PAX Scientific, a fluid dynamics research and design firm, is marketing air movers based on what the company describes as “nature’s streamlining principle.” The approach uses fluid dynamics to mimic nature’s flow efficiencies into streamlined design geometries. PAX claims their geometries improve the performance, output, and energy use of a wide range of technology, including fans.
Coding for resilience
To become mainstream, the movement toward resiliency through nature-informed strategies requires regulatory support. Building codes and zoning laws must encourage it. For example, Korkut Onaran, Ph.D., principal and owner of Pel-Ona Architects and Urbanists and an assistant professor adjunct at the University of Colorado, resides in a brick house built about a century ago. The house has no insulation but load-bearing masonry walls that function as a heat sink. He says, “During our sunny, Colorado winter, the walls absorb heat during the day and radiate it into the house at night.
Consequently, our utility bills remain exceptionally low, even without insulation,” Onaran explains. However, he added, “Building codes would not permit you to construct this house today. Why not?”
In his recent book, Crafting Form-Based Codes: Resilient Design, Policy, and Regulation, Onaran goes beyond construction techniques to advocate for building types designed for their environment. “We talk about green building, by which we mean energy efficiency, but one day, energy may not be as dependable. By returning to building prototypes of the past, we can create comfort zones that do not depend on mechanical heating and cooling. Resilience means surviving not only storms but power shortages as well. Ask yourself if you can live comfortably in your house when the grid goes down for an extended period. If your building environment has comfort zones and thus supports life, you’re lucky. To achieve this level of resilience nationally, we must relearn from the past,” Onaran says.

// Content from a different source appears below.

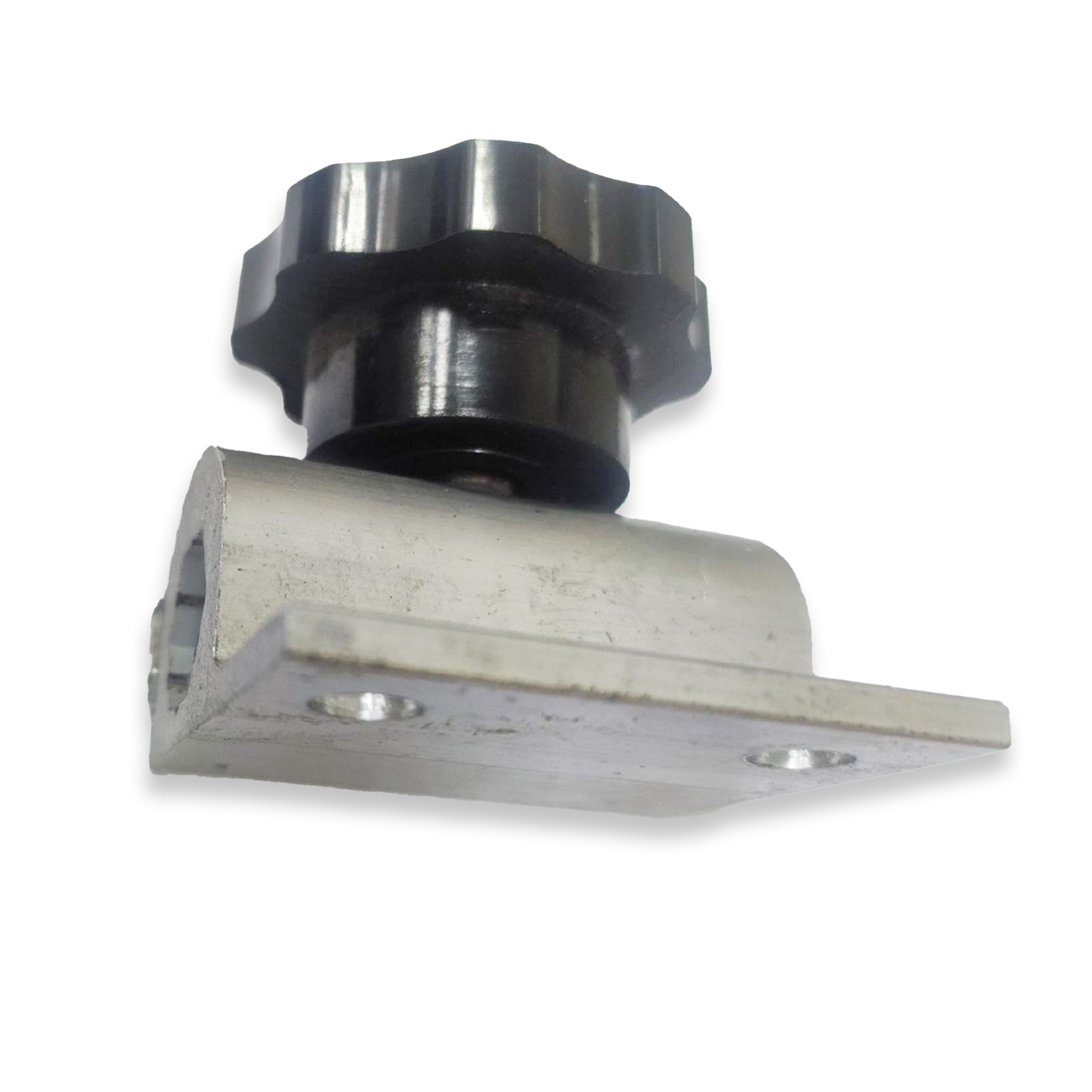 Миниатюра товара 5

Although most homes in moderate climates provide adequate shelter even during blackouts, those in extreme environments do not do as well. “In the past, people did not have the luxury of detached housing,” Onaran explains. “In an extreme desert environment, for instance, you’re trying to minimize the exposure of your exterior envelope, so buildings touch each other. Look at any traditional settlement in the desert. Buildings minimize exterior exposure. In a harsh environment, most of the buildings we see today would suffer and become unlivable within hours without energy-fueled, mechanical heating air conditioning.”
Knowing that climate change implies a warming planet, Onaran advocates for zoning and planning that anticipates this by devoting an entire chapter of his book to urban planning in hot-dry and hot-humid climates. “If you build in a hot-arid climate, you maximize shade and capture the evening cool [air]. In a hot-humid environment, you must increase air movement as much as possible. There are ways to design homes and neighborhoods that achieve this,” he insists. Examples exist in traditional communities, such as the Pueblo settlements in the deserts of New Mexico or the airy homes of New Orleans, designed to promote breezes.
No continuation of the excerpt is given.